Content starts

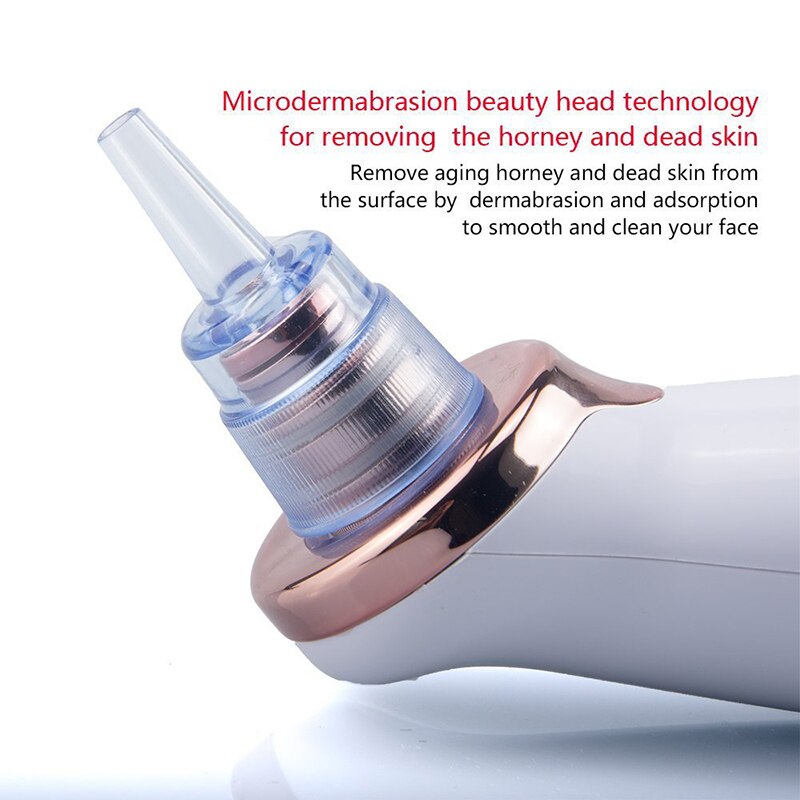 6/5Head Electric Blackhead Remover Pore Acne Pimple Removal Vacuum Suction Face Nose T Zone Deep Cleaner Machine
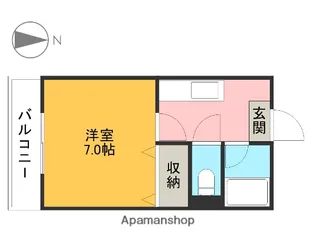 ナオイハイツ【103号室】の間取り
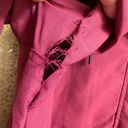 Volcom  Magenta Pink Light Rain Zip Button Up Jacket Size Large Flawed Photo 4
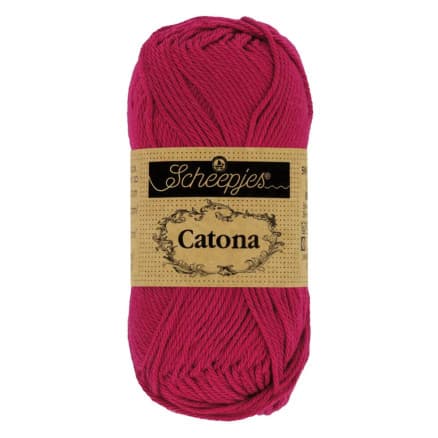 Scheepjes Catona Garn 192 Scharlakansröd - 25g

Content ends

Pictures are to be left out; all other data must be returned exactly.

 6/5Head Electric Blackhead Remover Pore Acne Pimple Removal Vacuum Suction Face Nose T Zone Deep Cleaner Machine
 ナオイハイツ【103号室】の間取り
 Volcom  Magenta Pink Light Rain Zip Button Up Jacket Size Large Flawed Photo 4
 Scheepjes Catona Garn 192 Scharlakansröd - 25g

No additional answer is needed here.